The Cotonou conference gathered high officials from most Gulf of Guinea countries, from Ghana in the northwest to Angola in the south, also uniting major oil producers such as Nigeria, Cameroon, Equatorial Guinea, Gabon and Congo Brazzaville. Most attention was however on the big presence of US military representatives and advisors.

The Washington government in advance had offered "assistance" in improving maritime security in the strategic Gulf of Guinea. This was met with some scepticism among analysts, as the US military already during the last few years strongly has increased its presence in the region. By now, US military bases are being set up in Senegal and São Tomé and Príncipe and the Pentagon is known to have signed a large number of military pacts with regional governments, including Gabon and Mauritania and Guinea Conakry.
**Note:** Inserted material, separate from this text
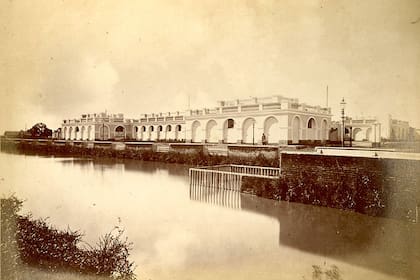 La casa de Juan Manuel de Rosas en San Benito de Palermo: todo el predio, incluido el Campo Argentino de Polo, fue de él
Most analysts therefore saw the heavy US presence on the Gulf of Guinea security conference as just another sign of Washington's desire to dominate this region militarily, due to its increasing dependence on African oil supplies. Sceptics fear this in turn could lead to a greater threat of possible US interventions on behalf of or against sitting regimes.

During the Cotonou conference, however, much was done to calm these fears. African representatives reportedly gained much trust in the professional presentations made by their US counterparts, which had left the few participating European competitors in the shadow. While the US government previously had been pushing regional countries to increase maritime security, at the conference, US delegates diplomatically focused only on immediate African needs.

Representatives from Benin, Congo-Brazzaville, Nigeria and other Gulf countries could not agree more. The Gulf of Guinea has slowly developed into a lawless zone - best illustrated by the many attacks on oil installations in Nigeria's Niger Delta - while investments and values in the same area have skyrocketed. According to US Commander Harry Ulrich, the region experienced a "US$ 1.5 billion lost to oil theft annually."

Not only oil installations were focused on. Mr Ulrich presented an assessment of losses to illegal and unregulated fisheries in the Gulf of Guinea, saying this represented "hundreds of millions of dollars in revenue lost each year." Also of concern is widespread trafficking in human beings, drugs, hazardous waste and other illicit goods.

The US delegates pledged to assist their African counterparts by "building capacity to improve maritime governance." The conference's closing statement gave some details on the way forward, saying that Gulf countries would start using tools such as radar and locator transponders on ships to monitor activity off their coasts. It was expected that Washington would give technical assistance, although no decision was made on funding.

The US government, while not achieving great progress at the Cotonou conference Washington itself had pushed for, celebrated that at least greater awareness had been created among West and Central African states. African leaders had decided to institutionalise the maritime security conference, from now on meeting twice a year to secure improvements.

A Pentagon spokesman, while emphasising on the humanitarian gains by improved maritime security, said the Cotonou conference also would lead to increased political stability in the region and help fight terrorism. Washington, he thus revealed, has its own interests in the Gulf of Guinea region.